|After what seems like weeks of testing, meetings, research, fire-fighting, brawls, quick fixes, and major reworkings we're getting to the business end of site upgrades.
We made the decision to stop trying to keep up with site expansion with incremental upgrades and instead let things ride for a few months while we undertook a major overhaul of our systems. This includes:
1. Upgrading all servers to be running the most efficient platform (in this case Win 2003)
2. Optimising load balancing, session management and network topology
3. Upgrading the physical hardware where necessary
4. Optimising the database schema and queries
5. Moving the ASP legacy code to ASP.NET
6. Ensuring that application logic is efficient
7. Testing. Go to 6.
Before you do anything you need to know where you are. Test. You may find something so blindingly obvious, so simple, that a month of upgrades turns into a day of tweaking or bug fixing.
Step 1 is important, but high load sites ran on Win NT and Windows 2000 for years.
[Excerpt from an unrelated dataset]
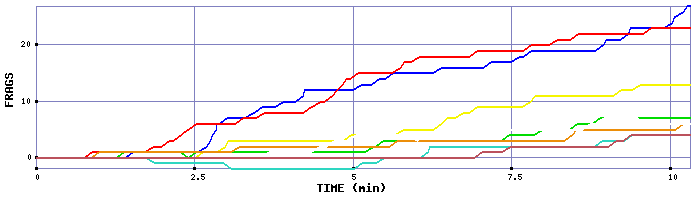 Frag Graph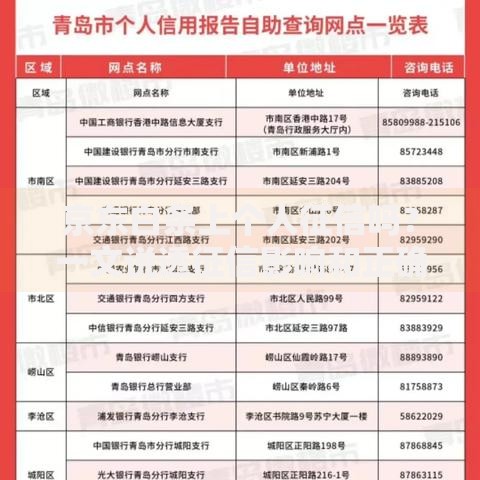 京东白条上个人征信吗?一文说透征信影响和正确用法 京东白条上个人征信吗?一文说透征信影响和正确用法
Windows 2003 does make things better in terms of process recycling and HTTP compression but we have our own in-house health monitoring processes that can kick a system when its failing, and we use Port 80 Software's HttpZip for compression.
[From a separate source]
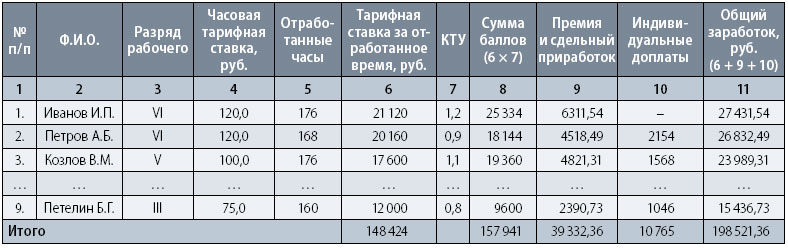 умолк, Сотруднику на окладе можно считать зарплату исходя из тарифной ставки всякой надежды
Step 2 is a matter of juggling: you want load to be spread across server but you need to ensure session state is maintained and that in doing so you don't introduce unnecessary chatter across the network. We used to use Windows load balancing and enforce IP affinity so that when a user hit the site they were guaranteed to always hit the same server in any given session. This meant Session state could be managed using the ASP session object. In practice, however, we saw that users tended to cluster on one or two servers leaving the remaining running under capacity. We turned off IP affinity so that requests were spread across different servers within a single session, and rewrote the session handling to use SQL server. With a corresponding session object for ASP.NET we can now work concurrently with the ASP state, meaning we can mix and match ASP and ASP.NET pages with zero fuss. (remind me to post the classes as an article).
The next step is to remove WLBS from the equation and use our firewall for load balancing, freeing up network chatter. Once that is done then step 5 (moving to ASP.NET) will allow us to move seamlessly over to ASP.NET session state removing SQL load and giving a useful perf boost.
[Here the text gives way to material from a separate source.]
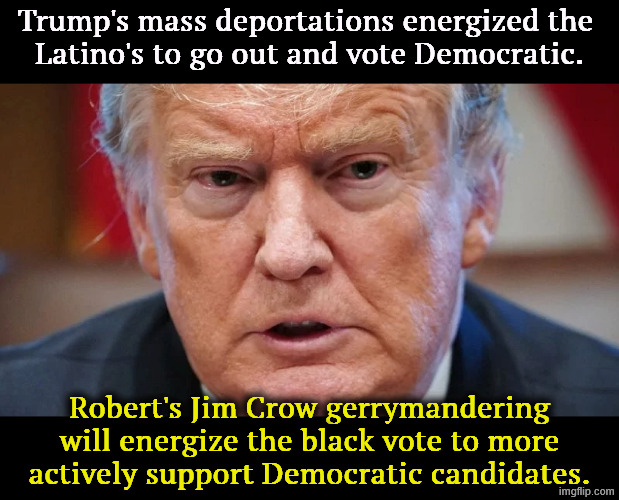 Trump's "Get Out the Vote" program backfires. | Trump's mass deportations energized the 
Latino's to go out and vote Democratic. Robert's Jim Crow gerrymandering will energize the black vote to more actively support Democratic candidates. | image tagged in trump dilated angry confused,trump,energy,latino,minorities,vote | made w/ Imgflip meme maker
Step 3, upgrading the hardware, is a constant battle. We want to scale out but have resigned ourselves to scaling up as much as practical and then relying on the remaining steps to see us through. Hardware is cheap, but it's not a simple equation. There's definitely a sweet spot where two boxes are cheaper and more powerful than 1 single box. But that's double the cost of licences plus man hours in reworking your system to support clustering or replication or partitioning.
For our part we're looking at good, solid hardware for the SQL box. 64 bit processrrs so we can take advantage of new technology, fast SCSI drives with separation of data and logs, and lots of RAM. But again, RAM is cheap. A version SQL server that can handle lots of RAM isn't.
Step 4 is, to me, the second most important step. If your data is stored inefficiently, or if you ask the server for more than you need, or ask in a circuotous round-about fashion that just bogs the server down with needless work then everything's slow. Allow the database to find its data properly, ask it to return as little data as possible, take advantage of connection pooling and keep an eye on locks. And: don't get hung about normalising everything.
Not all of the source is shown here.